Esami avvocato: se il plagio non è significante non va annullata la prova scritta

Cons. Stato Sez. IV, Sent., 10-06-2011, n. 3515

Svolgimento del processo e motivi della decisione

la sentenza appellata respinge il ricorso proposto dal dr. S. avverso la mancata ammissione alla prova orale dell’esame di avvocato, per annullamento ex art. 23 r.d. n. 37/1934 della prova scritta di diritto penale in quanto copiata da pareri motivati Ed.
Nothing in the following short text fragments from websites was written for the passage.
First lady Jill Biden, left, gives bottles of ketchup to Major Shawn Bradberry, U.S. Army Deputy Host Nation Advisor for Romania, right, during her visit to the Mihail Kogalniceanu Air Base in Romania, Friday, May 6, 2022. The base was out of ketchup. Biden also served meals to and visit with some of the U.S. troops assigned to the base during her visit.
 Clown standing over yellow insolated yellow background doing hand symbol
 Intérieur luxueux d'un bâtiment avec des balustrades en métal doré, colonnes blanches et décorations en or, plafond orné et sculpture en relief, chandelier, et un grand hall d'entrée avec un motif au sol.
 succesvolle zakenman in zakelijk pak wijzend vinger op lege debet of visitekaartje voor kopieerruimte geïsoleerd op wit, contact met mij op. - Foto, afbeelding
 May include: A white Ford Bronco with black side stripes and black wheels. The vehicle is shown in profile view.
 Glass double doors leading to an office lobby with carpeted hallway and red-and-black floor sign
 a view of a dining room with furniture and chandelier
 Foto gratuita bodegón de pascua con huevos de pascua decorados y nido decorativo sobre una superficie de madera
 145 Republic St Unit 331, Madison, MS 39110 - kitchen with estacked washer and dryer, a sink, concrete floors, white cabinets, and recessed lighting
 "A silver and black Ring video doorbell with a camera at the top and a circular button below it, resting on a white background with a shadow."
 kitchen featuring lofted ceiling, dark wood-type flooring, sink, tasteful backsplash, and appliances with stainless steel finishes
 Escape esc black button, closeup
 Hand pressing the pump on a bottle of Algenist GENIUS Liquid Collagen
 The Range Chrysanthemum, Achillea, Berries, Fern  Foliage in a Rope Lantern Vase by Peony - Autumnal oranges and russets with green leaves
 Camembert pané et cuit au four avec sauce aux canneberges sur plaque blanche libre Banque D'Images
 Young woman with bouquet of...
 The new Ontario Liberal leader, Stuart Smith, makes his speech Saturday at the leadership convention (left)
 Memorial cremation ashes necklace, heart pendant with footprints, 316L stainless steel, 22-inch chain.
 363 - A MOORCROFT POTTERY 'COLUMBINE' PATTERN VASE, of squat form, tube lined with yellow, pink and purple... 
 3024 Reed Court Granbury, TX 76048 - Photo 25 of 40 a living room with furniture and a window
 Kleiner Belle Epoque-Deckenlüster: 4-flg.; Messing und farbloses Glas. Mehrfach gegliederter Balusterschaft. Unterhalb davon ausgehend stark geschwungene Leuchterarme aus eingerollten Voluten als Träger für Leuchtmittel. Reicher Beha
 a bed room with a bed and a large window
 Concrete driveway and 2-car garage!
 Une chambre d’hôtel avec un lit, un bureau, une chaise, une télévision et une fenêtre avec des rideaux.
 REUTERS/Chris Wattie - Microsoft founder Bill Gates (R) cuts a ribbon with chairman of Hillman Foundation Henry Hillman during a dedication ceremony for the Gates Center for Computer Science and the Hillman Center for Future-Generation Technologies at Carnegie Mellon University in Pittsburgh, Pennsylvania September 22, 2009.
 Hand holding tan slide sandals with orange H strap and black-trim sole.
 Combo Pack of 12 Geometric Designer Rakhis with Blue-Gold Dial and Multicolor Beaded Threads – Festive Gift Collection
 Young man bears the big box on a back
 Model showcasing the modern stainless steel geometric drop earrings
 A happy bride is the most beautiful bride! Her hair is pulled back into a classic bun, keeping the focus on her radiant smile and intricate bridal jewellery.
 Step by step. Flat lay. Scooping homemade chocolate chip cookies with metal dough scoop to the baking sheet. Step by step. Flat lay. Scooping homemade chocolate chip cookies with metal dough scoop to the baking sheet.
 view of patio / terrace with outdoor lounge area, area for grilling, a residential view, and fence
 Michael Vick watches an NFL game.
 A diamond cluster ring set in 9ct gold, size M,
Simone 2009, ritenendo corretto l’operato della Commissione esaminatrice e “che, nella specie, circostanza determinante per la dimostrazione del plagio è sia la sostanziale sovrapponibilità della parte iniziale del parere, sia la comune descrizione della fattispecie criminosa”;

Rilevato che con l’appello, nel cui contesto si riportano, in contrapposizione, la trascrizione dell’elaborato del candidato ed il parere Simone 2009, si contesta, prioritariamente, che il T.A.R. abbia fatto ricorso ad una motivazione “standard”, così omettendo una effettiva verifica, con attenzione al caso singolo, del presupposto di fatto posto a base del provvedimento impugnato, e formulando rilievi erronei (in quanto, secondo l’appellante, le parte iniziale del suo compito non è assolutamente sovrapponibile) o vaghi, non comprendendosi cosa si intenda per comune descrizione della fattispecie; l’erroneità del presupposto dell’annullamento della prova, dedotta in primo grado, viene, quindi, qui ribadita, sostenendo non esservi, in concreto, le “palesi ed inequivoche forme di copiature integrali” addotte dalla commissione;

Ritenuto, sulla base della lettura dei predetti testi inclusi nell’atto, che nella specie non si riscontra alcuna sovrapponibilità delle relative parti iniziali e che non si rinvengono, nel corso dello sviluppo espositivo dell’elaborato, non corrispondente sul piano strutturale e testuale al “quesito” di raffronto, periodi uguali di qualche estensione e autonomamente significanti, tali da potersi escludere che si tratti di espressioni invalse ovvero attinte, eventualmente parafrasandole, da massime giurisprudenziali tratte da codici commentati dei quali era consentita la consultazione; elementi, questi ultimi, che sono rilevanti sul versante dell’originalità dell’apporto del candidato ma non per dar luogo a esclusione dalla prova;

Ritenuto che la verifica della correttezza della valutazione della commissione esaminatrice sulla affermata copiatura concerne un elemento di fatto, di rilievo (quale presupposto per l’applicazione dell’art. 23 R.D. n. 37/1934) in quanto oggettivamente riscontrabile con ragionevole certezza e non meramente sospetto, e, quindi, attiene al piano della legittimità del provvedimento e non a profili di merito insindacabili in sede giurisdizionale;

Ritenuto, pertanto, che l’appello va accolto, disponendosi, in riforma dell’impugnata sentenza, l’annullamento del provvedimento di esclusione dalla procedura di esame di abilitazione, con conseguente obbligo per la Commissione esaminatrice, in diversa composizione, di valutare la prova annullata;

Ritenuto che sussistono giusti motivi di compensazione delle spese del giudizio;

P.Q.M.

Il Consiglio di Stato in sede giurisdizionale (Sezione Quarta) definitivamente pronunciando sul ricorso, come in epigrafe proposto, lo accoglie e per l’effetto, in riforma della sentenza gravata, annulla il provvedimento impugnato col ricorso di primo grado.

Spese compensate.

Ordina che la presente sentenza sia eseguita dall’autorità amministrativa.